Groups formed around Egbesu include the Egebesu Boys or the Egbesu Boys of Africa, Red Egbesu Water Lions, Reformed Egbesu Boys of the Niger Delta, and the Egbesu Mightier Fraternity. These groups have both worked with and been in conflict with other groups, with the Egbesu Mightier Fraternity being involved in the 2016 Niger Delta conflict, but have signed a ceasefire as of late August 2016.

=== Egbesu Boys ===
As a response to the Niger Delta conflict, the Egbesu Boys emerged during the early 1990s. The group took up arms to fight against authorities in the Conflict in the Niger Delta in response to environmental and other problems caused by the petroleum industry in Nigeria, including the lack of investment of oil revenue in the local economy.
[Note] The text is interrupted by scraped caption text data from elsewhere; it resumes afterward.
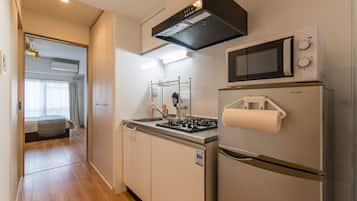 Double Room, 3rd Floor | Private kitchen | Fridge, microwave, stovetop, rice cooker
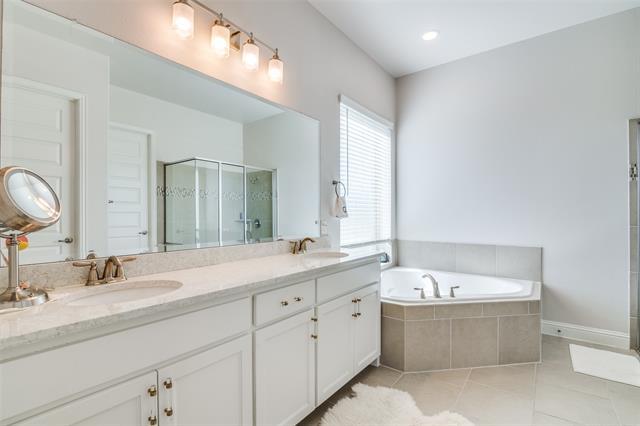 Building Photo - 736 Sterling Dr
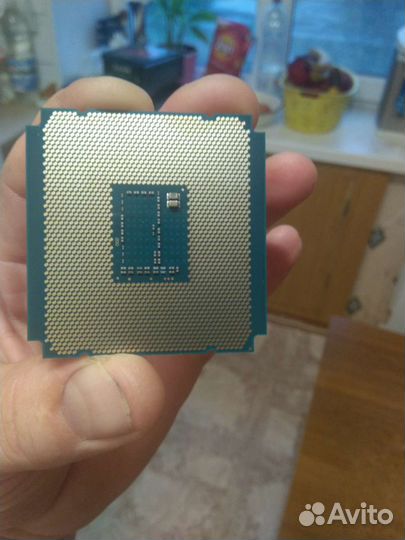 Процессор Xeon E5 2697v3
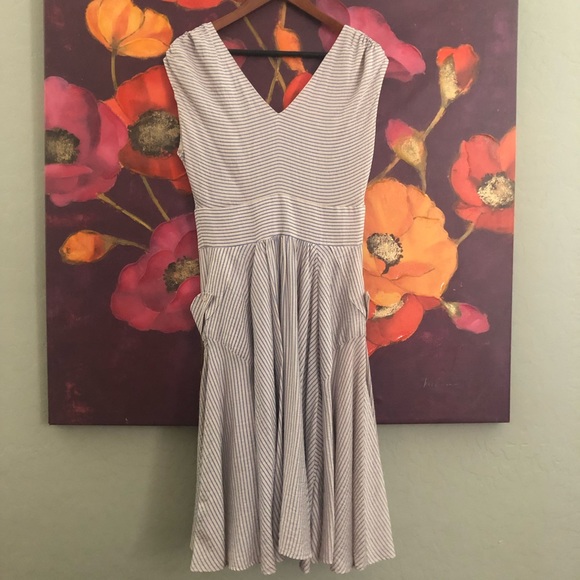 Beautiful Calvin Klein flowy midi dress - Picture 2 of 8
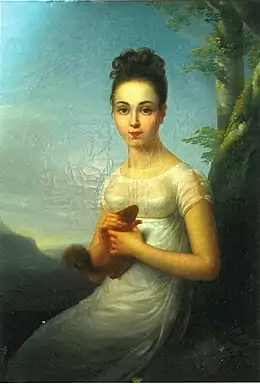 Portrait de femme assise en robe Empire blanche un écureuil dans les mains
Many young men have joined the cult, undergoing secret initiations by priests who impart the spiritual powers of Egbesu. The initiation involves the subject being etched with cicatrices on some hidden part of the body, and some members also wear amulets.
The followers often believe the talisman and the cult initiations make them bulletproof.
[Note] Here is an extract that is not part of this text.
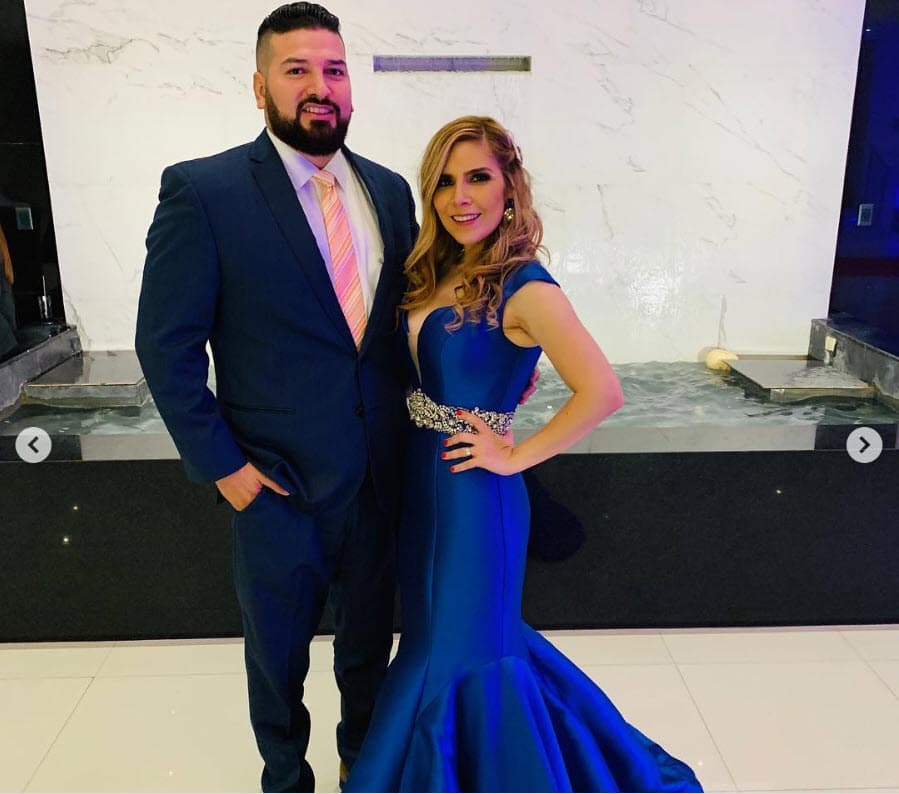 La traición significó todo un escándalo que, a la fecha, 
<b><a href="https://www.univision.com/famosos/americo-garza-asegura-que-karla-panini-decidio-salir-del-aire-por-miedo-ante-las-amenazas-de-la-gente-fotos" target="_blank">mantiene el odio </a></b>de algunos fans hacia Garza y Panini. 
<br>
Reports of their activities include kidnapping of oil workers, sabotage of oil installations, and attacks on Nigerian authorities. However, it is difficult to attribute specific activities to the group due to the presence of multiple other militant groups in the area. The group is active across six southeastern states in the Niger Delta, with their traditional headquarters located in Amabulou, Bayelsa State.